» **WHAT NEEDS TO BE DONE**: Return each line of the data below exactly, omitting any pictures.

» **THE DATA**:
_ _ _ _

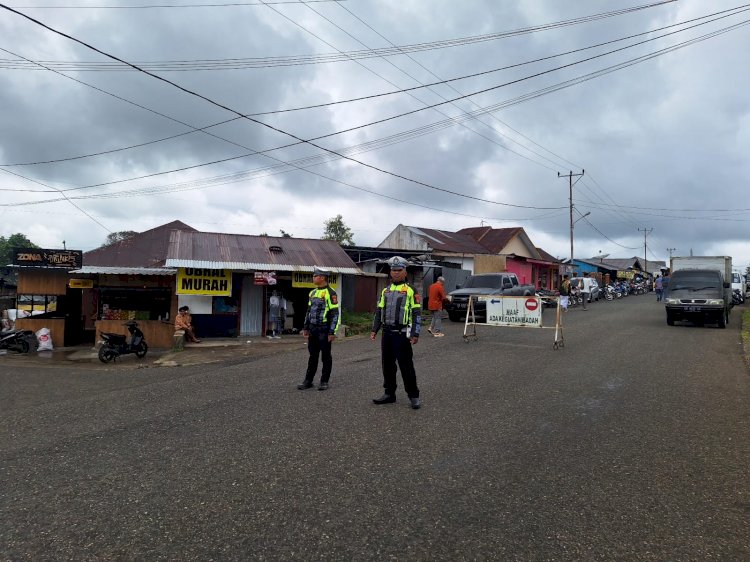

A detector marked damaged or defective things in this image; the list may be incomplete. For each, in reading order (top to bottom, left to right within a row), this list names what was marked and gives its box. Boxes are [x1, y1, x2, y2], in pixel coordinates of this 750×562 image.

rusty corrugated roof [83, 219, 198, 266]
rusty corrugated roof [165, 228, 364, 272]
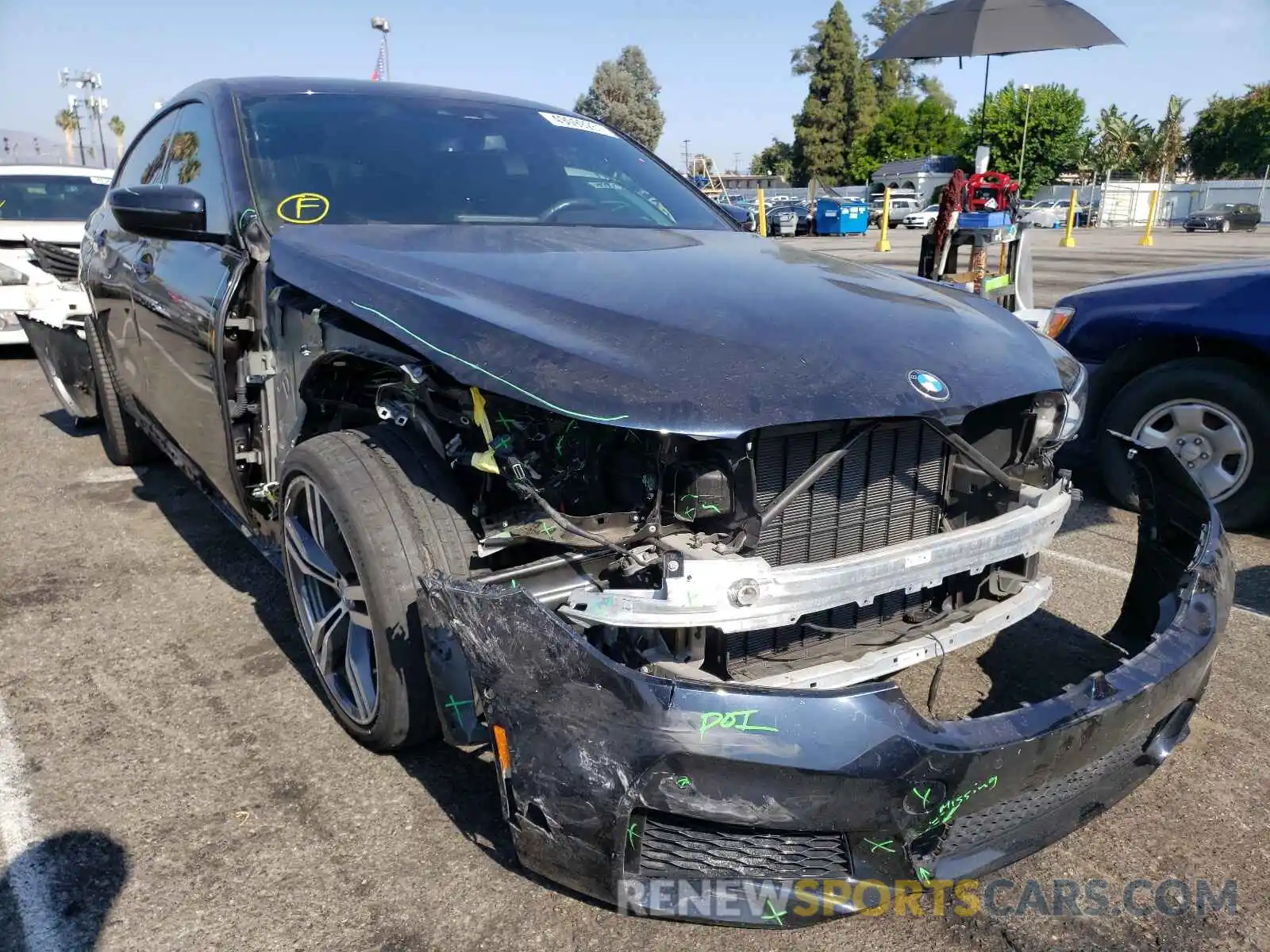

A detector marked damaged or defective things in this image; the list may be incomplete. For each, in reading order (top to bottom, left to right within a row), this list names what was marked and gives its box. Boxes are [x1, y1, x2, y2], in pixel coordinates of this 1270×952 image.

bent hood [270, 224, 1060, 435]
broken headlight [1029, 335, 1086, 451]
crumpled front bumper [425, 441, 1232, 927]
cracked bumper [425, 441, 1232, 927]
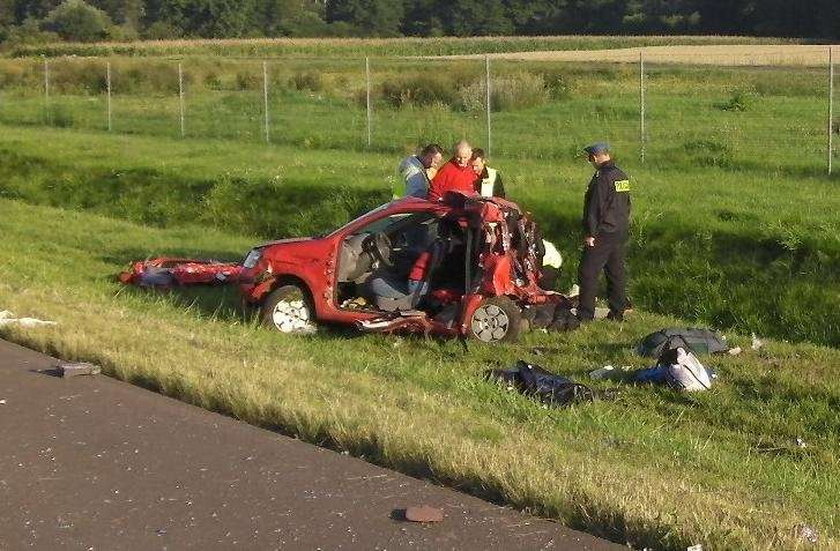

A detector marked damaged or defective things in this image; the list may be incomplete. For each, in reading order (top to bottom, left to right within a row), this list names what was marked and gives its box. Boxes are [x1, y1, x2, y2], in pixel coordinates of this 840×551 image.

wrecked red car [236, 192, 572, 342]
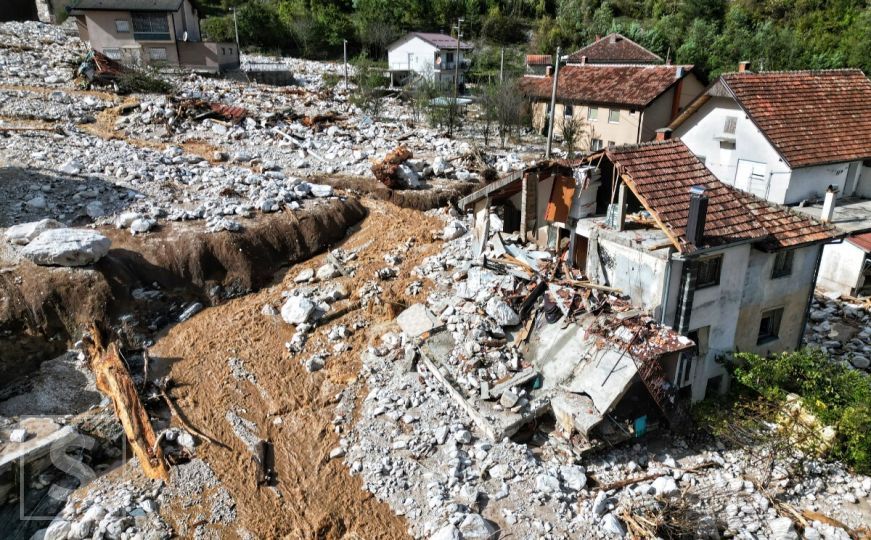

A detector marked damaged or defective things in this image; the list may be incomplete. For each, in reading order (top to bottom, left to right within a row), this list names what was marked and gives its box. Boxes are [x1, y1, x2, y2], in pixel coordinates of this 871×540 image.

damaged roof [516, 64, 696, 108]
damaged roof [564, 32, 660, 65]
damaged roof [676, 69, 871, 168]
damaged roof [600, 137, 836, 251]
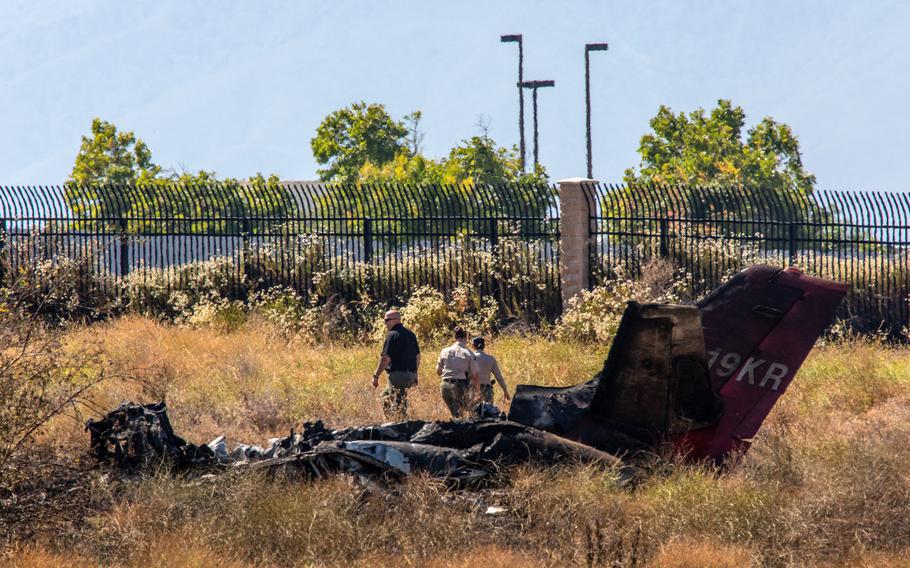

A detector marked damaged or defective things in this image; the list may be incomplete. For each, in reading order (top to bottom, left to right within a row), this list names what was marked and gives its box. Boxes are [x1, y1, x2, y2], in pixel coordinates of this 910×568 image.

burned aircraft wreckage [89, 266, 852, 484]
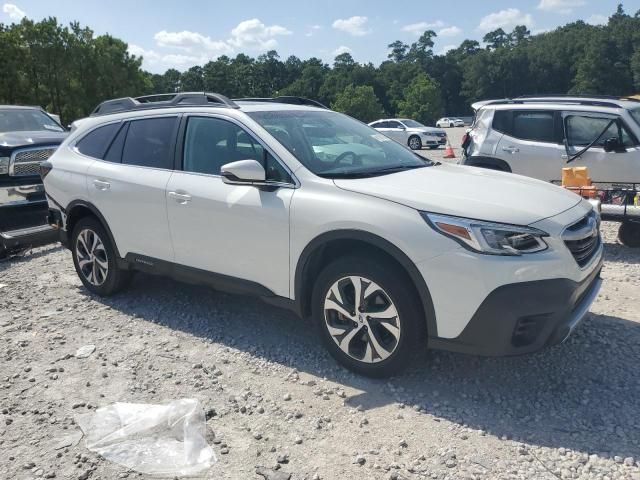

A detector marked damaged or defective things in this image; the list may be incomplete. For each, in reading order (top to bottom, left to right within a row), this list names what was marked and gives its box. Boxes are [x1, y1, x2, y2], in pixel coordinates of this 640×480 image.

damaged vehicle [0, 105, 66, 258]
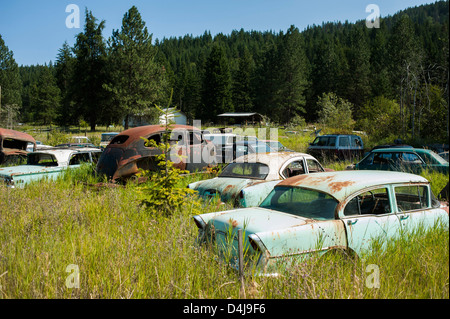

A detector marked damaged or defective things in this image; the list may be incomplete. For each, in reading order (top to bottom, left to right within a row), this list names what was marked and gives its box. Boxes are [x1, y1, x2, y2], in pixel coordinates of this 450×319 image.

rusty abandoned car [0, 127, 36, 165]
rusty abandoned car [97, 124, 218, 181]
rusty abandoned car [186, 152, 330, 208]
rusty abandoned car [193, 171, 450, 276]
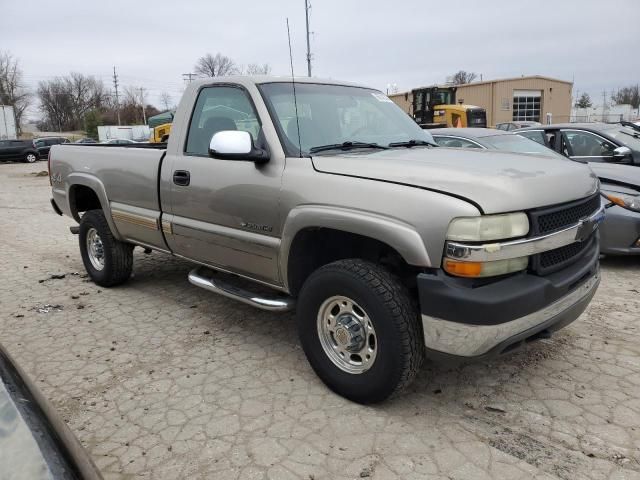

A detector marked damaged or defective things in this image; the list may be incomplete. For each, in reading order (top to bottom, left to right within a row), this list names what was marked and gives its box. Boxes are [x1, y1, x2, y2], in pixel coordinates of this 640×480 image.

cracked concrete lot [1, 162, 640, 480]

_ _ _ _

» **TASK ANSWER**:
A detector marked damaged or defective things in this image; the list may be incomplete. For each, in reading order (top to bottom, left to right within a row), this list names what was marked and gives its box. Boxes are [x1, y1, x2, y2], in pixel coordinates of this 750×562 image.

rusty corrugated roof [83, 219, 198, 266]
rusty corrugated roof [165, 228, 364, 272]

A detector marked damaged or defective things in this image; the list may be incomplete. For each, in reading order (top to bottom, left to right within a row), this list names what was marked and gives its box. Boxes are [x1, y1, x2, y2], in pixel coordinates of this 1270×952 image.

bent hood [270, 224, 1060, 435]
broken headlight [1029, 335, 1086, 451]
crumpled front bumper [425, 441, 1232, 927]
cracked bumper [425, 441, 1232, 927]

A detector marked damaged or defective things in this image; the list may be incomplete. For each, in reading order (top to bottom, left to right within a row), this list names what was marked and gives its box. Boxes are [x1, y1, x2, y2], in pixel coordinates of this 840×551 image.

wrecked red car [236, 192, 572, 342]

A detector marked damaged or defective things in this image; the list may be incomplete. For each, in reading order (top to bottom, left to right within a row), this list names what was marked and gives its box. Boxes are [x1, y1, x2, y2], in pixel coordinates of this 871×540 image.

damaged roof [516, 64, 696, 108]
damaged roof [564, 32, 660, 65]
damaged roof [676, 69, 871, 168]
damaged roof [600, 137, 836, 251]

A detector marked damaged or defective things in this image; the list may be incomplete. For each, in reading order (top to bottom, left to right within a row), this list names what was marked and gives its box. Boxes are [x1, y1, x2, y2], in pixel coordinates of this 910×568 image.

burned aircraft wreckage [89, 266, 852, 484]

A detector marked damaged or defective things in this image; the list may be incomplete. For each, in reading order (top to bottom, left to right within a row), this list names what was marked and gives its box. Boxes are [x1, y1, x2, y2], in pixel coordinates of this 640×480 image.

damaged vehicle [0, 105, 66, 258]

A detector marked damaged or defective things in this image; the list may be incomplete. For each, in reading order (top to bottom, left to right within a row), this list names what was marked and gives its box. Boxes are [x1, y1, x2, y2], in pixel coordinates of this 450×319 image.

rusty abandoned car [0, 127, 36, 165]
rusty abandoned car [97, 124, 218, 181]
rusty abandoned car [186, 152, 330, 208]
rusty abandoned car [193, 171, 450, 276]

A detector marked damaged or defective things in this image; the list may be incomplete. For each, in reading order (top to bottom, left to right within a row), this list names what was marked and gives its box. Boxes are [x1, y1, x2, y2], in pixel coordinates of this 640×480 image.

cracked concrete lot [1, 162, 640, 480]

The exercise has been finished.